使用带有反向引用的re.sub,我们可以尝试:

inp = 'Hey there There'
output = re.sub(r'(\w+) \1', r'\1', inp, flags=re.IGNORECASE)
print(output)  # Hey there

这里使用的正则表达式模式表示:

(\w+)  match and capture a word
[ ]    followed by a space
\1     then followed by the same word (ignoring case)

然后,我们用第一个相邻的单词替换.

xhv8bpkk

xhv8bpkk2#

inp = 'Hey there There'
output = re.sub(r'\b(\w+) \1\b', r'\1', inp, flags=re.IGNORECASE)
print(output)  # Hey there

inp = 'Hey there eating?'
output = re.sub(r'\b(\w+) \1\b', r'\1', inp, flags=re.IGNORECASE)
print(output)  # Hey there eating?

\b确保单词边界并捕获整个单词而不是字符。
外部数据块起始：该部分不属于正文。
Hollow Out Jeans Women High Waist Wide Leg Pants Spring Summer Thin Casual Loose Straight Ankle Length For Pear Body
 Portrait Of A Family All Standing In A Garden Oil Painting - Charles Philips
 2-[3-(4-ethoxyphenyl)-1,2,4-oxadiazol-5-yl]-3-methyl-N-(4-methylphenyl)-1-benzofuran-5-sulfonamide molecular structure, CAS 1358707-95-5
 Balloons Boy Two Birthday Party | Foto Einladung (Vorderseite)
第二个测试用例(“Hey there eating?”)不适用于Tim Biegleisen给出的https://stackoverflow.com/a/68481181/8439676答案。

c0vxltue

c0vxltue3#

递归删除相邻重复单词

def removeConsecutiveDuplicateWors(s):
        st = s.split()
        if len(st) < 2:
            return " ".join(st)
        if st[0] != st[1]:
            nw =  ("".join(st[0])) +" "+ removeConsecutiveDuplicateWors(" ".join(st[1:]))
            return nw
        return removeConsecutiveDuplicateWors(" ".join(st[1:]))
      
    
    string = 'I am a duplicate duplicate word in a sentence. How I can be be be removed?'
    print(removeConsecutiveDuplicateWors(string))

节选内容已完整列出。